Normtransgressives Verhalten in der Götterwelt des Alten Ägypten
Die gesellschaftlichen Normen des Alten Ägypten sind gut bekannt. Sie lassen sich sowohl aus (auto)biographischen Inschriften, als auch aus den sogenannten Lebenslehren entnehmen und werden als wesentliche Richtschnur für das menschliche Verhalten angesehen. Die Forschung sieht sie vor allem unter dem Etikett "Ma'at" (Recht, Wahrheit, korrekte Weltordnung).

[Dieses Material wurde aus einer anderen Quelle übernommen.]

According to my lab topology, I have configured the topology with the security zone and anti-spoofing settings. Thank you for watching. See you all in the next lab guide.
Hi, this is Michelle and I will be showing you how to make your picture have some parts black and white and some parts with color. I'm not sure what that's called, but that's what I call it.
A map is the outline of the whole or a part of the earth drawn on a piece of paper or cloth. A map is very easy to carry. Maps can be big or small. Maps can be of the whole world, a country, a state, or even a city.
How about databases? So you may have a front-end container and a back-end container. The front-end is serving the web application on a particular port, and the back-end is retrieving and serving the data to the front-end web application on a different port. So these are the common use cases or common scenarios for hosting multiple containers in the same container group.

In der ägyptischen Mythologie gibt es jedoch eine Fülle von Gottheiten, die diesen Maßstäben zuwiderhandeln. Zwar ist es in den Mythen der verschiedensten Religionen nicht ungewöhnlich, daß für Götter andere Regeln gelten, als für Menschen. Dies ist in Ägypten jedoch zumindest in der Theorie eher nicht der Fall. Oft handelt es sich nämlich um moralisch verwerfliche Taten, die von den Ägyptern selbst entsprechend gebrandmarkt werden, bzw. in den narrativer ausgearbeiteten Mythenfassungen zeigt die Reaktion der übrigen Götter klar an, wie die betreffende Handlung auch in der Götterwelt gewertet wird. Bemerkenswert ist jedoch, daß es sich bei den "Tätern" keineswegs nur um als "böse" bekannte Gestalten handelt. Vielmehr betreffen solche Vorwürfe auch ansonsten positiv bewertete Gottheiten. Dasselbe Verhalten kann sogar bei einer Gottheit als Fehlverhalten gebrandmarkt werden, bei einer anderen hingegen als Kavaliersdelikt durchgehen. Nur die wenigsten normtransgressiven Götter werden in der religiösen Praxis explizit als feindlich dämonisiert.

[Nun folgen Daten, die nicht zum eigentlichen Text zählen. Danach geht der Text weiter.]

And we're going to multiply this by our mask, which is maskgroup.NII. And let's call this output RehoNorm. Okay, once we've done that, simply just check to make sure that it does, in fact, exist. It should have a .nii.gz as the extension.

Es ist nach den Gründen für dieses Ungleichgewicht zu fragen: Welche Schlüsse über die altägyptische Gesellschaft und ihre Denkweise, sowie über die Funktion von Mythen allgemein innerhalb einer komplexen Kultur wie dem Alten Ägypten lassen sich daraus ziehen? Zur Beantwortung dieser Fragen erstellt das beantragte Projekt zunächst einen Katalog der überhaupt normtransgressiv werdenden Götter. In einem zweiten Schritt wird untersucht, welche Arten von Normtransgressionen in der Götterwelt belegt sind.
Der Umgang der Mythen mit diesen Handlungen wird jeweils verglichen mit den Aussagen realweltlicher Quellen (besonders Rechtstexten) zur Ahndung entsprechender Vergehen in der Menschenwelt. Es wird dann nach Erklärungen für sich gegebenenfalls ergebende Diskrepanzen gesucht.

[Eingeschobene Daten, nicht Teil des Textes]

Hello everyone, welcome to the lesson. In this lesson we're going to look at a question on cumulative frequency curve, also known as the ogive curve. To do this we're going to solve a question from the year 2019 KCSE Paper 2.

Bei der Auswertung des Materials spielen auf der mytheninternen Ebene Fragen des Status, des Alters, der Genderordnung etc. eine Rolle, aber auch andere Gesichtspunkte, die sich nicht so simpel unter das Stichwort "Hierarchieverhältnisse" subsumieren lassen, wie etwa die Frage, ob bestimmte Verwandte der Gottheit zum "Tatzeitpunkt" noch als lebend oder bereits verstorben vorgestellt werden.
Mythenextern ist relevant, wie die betreffende Quelle bezüglich ihrer ursprünglichen Entstehungszeit und Verwendungssituation situiert ist, aber auch Fragen der weiteren Überlieferung und endgültigen Anbringung oder Deponierung sind zu berücksichtigen. Letztlich sollen die Mythen als (wenn auch gefilterte) Quelle zu den gesellschaftlichen Verhältnissen ihrer Entstehungskultur ernst genommen werden.